I propose, to improve the implementation of switchCase using your approach and not to keep the old one conccurently. Later we can decide if we want to rename it and maybe deprecate the old name.

BTW: Since this is the work horse of Std::variant I also tested other implementations. One can often read that, if the cases are simply 0,...,n, this is best implemented using a classical switch ... case ... statement because compilers are tuned to optimize this (e.g. using bisection). However, my measurements did not reveal any difference to the current solution. Also you must hardwire an upper bound.

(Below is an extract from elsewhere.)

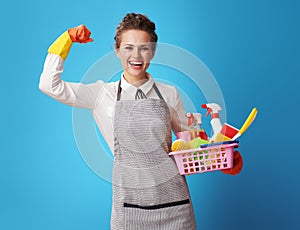 Cleaning woman with a basket with cleansers and brushes showing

Maybe one should also benchmark the new implementation. Here the direct access and dispatch of a function pointer competes with inlining at the price of several (maybe log(n)) comparisons. I've no idea which is better. In fact I don't want to bother and think the compiler vendor should know best, i.e. this is IMHO missing in the STL.

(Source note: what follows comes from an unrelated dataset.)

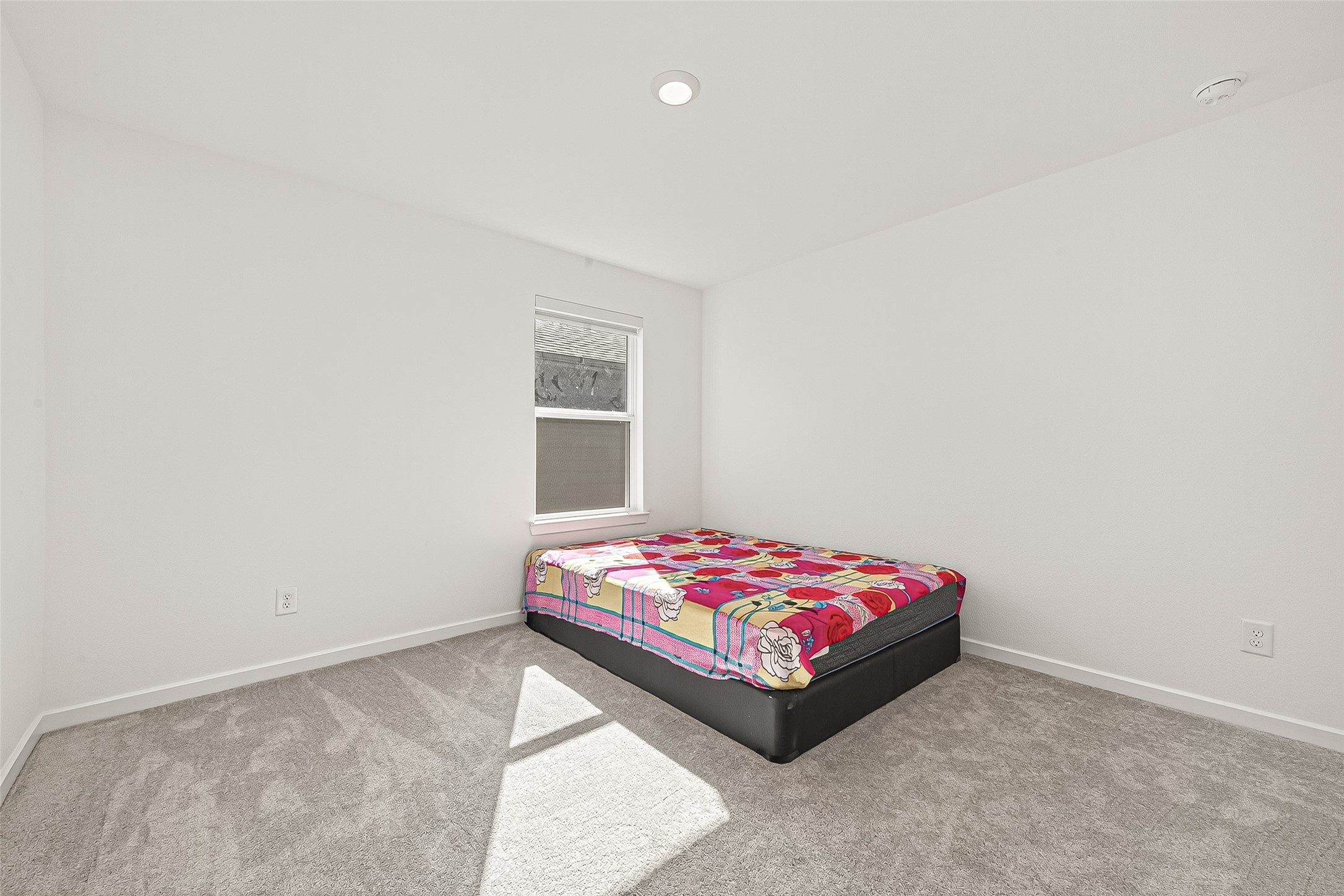 9747 Pettus Crk Drive Cypress, TX 77433 - Photo 33 of 48 a bedroom with a bed and a window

For completeness: That's the patch I tried.

namespace Impl {

  template<class F1, class F2, class... Args>
  decltype(auto) callIf(Dune::Std::bool_constant<true>, F1&& f1, F2&&, Args&&... args)
  {
    return f1(std::forward<Args>(args)...);
  }

  template<class F1, class F2, class... Args>
  decltype(auto) callIf(Dune::Std::bool_constant<false>, F1&&, F2&& f2, Args&&... args)
  {
    return f2(std::forward<Args>(args)...);
  }

  template<bool condition, class F1, class F2, class... Args>
  decltype(auto) callIf(F1&& f1, F2&& f2, Args&&... args)
  {
    return callIf(Dune::Std::bool_constant<condition>{}, f1, f2, std::forward<Args>(args)...);
  }

}

template<std::size_t caseCount, class Branches, class ElseBranch>
constexpr decltype(auto) switchCases(const Dune::index_constant<caseCount>&, const std::size_t& value, Branches&& branches, ElseBranch&& elseBranch)
{
  auto elseBranchIgnoreArgs = [&](auto&&...) -> decltype(auto) { return elseBranch(); };
  switch(value) {
    case  0: return Impl::callIf<( 0<caseCount)>(branches, elseBranchIgnoreArgs, Dune::Indices::_0 );
    case  1: return Impl::callIf<( 1<caseCount)>(branches, elseBranchIgnoreArgs, Dune::Indices::_1 );
    case  2: return Impl::callIf<( 2<caseCount)>(branches, elseBranchIgnoreArgs, Dune::Indices::_2 );
    case  3: return Impl::callIf<( 3<caseCount)>(branches, elseBranchIgnoreArgs, Dune::Indices::_3 );
    case  4: return Impl::callIf<( 4<caseCount)>(branches, elseBranchIgnoreArgs, Dune::Indices::_4 );
    case  5: return Impl::callIf<( 5<caseCount)>(branches, elseBranchIgnoreArgs, Dune::Indices::_5 );
    case  6: return Impl::callIf<( 6<caseCount)>(branches, elseBranchIgnoreArgs, Dune::Indices::_6 );
    case  7: return Impl::callIf<( 7<caseCount)>(branches, elseBranchIgnoreArgs, Dune::Indices::_7 );
    case  8: return Impl::callIf<( 8<caseCount)>(branches, elseBranchIgnoreArgs, Dune::Indices::_8 );
    case  9: return Impl::callIf<( 9<caseCount)>(branches, elseBranchIgnoreArgs, Dune::Indices::_9 );
    case 10: return Impl::callIf<(10<caseCount)>(branches, elseBranchIgnoreArgs, Dune::Indices::_10);
    case 11: return Impl::callIf<(11<caseCount)>(branches, elseBranchIgnoreArgs, Dune::Indices::_11);
    case 12: return Impl::callIf<(12<caseCount)>(branches, elseBranchIgnoreArgs, Dune::Indices::_12);
    case 13: return Impl::callIf<(13<caseCount)>(branches, elseBranchIgnoreArgs, Dune::Indices::_13);
    case 14: return Impl::callIf<(14<caseCount)>(branches, elseBranchIgnoreArgs, Dune::Indices::_14);
    case 15: return Impl::callIf<(15<caseCount)>(branches, elseBranchIgnoreArgs, Dune::Indices::_15);
    case 16: return Impl::callIf<(16<caseCount)>(branches, elseBranchIgnoreArgs, Dune::Indices::_16);
    case 17: return Impl::callIf<(17<caseCount)>(branches, elseBranchIgnoreArgs, Dune::Indices::_17);
    case 18: return Impl::callIf<(18<caseCount)>(branches, elseBranchIgnoreArgs, Dune::Indices::_18);
    case 19: return Impl::callIf<(19<caseCount)>(branches, elseBranchIgnoreArgs, Dune::Indices::_19);
  }
  return elseBranch();
}

I just looked this up: In fact boost::mp11::mp_with_index also uses the switch ... case ... implementation. But not using the callIf<(i<caseCount)> ... trick, it has to specialize for n up to 16.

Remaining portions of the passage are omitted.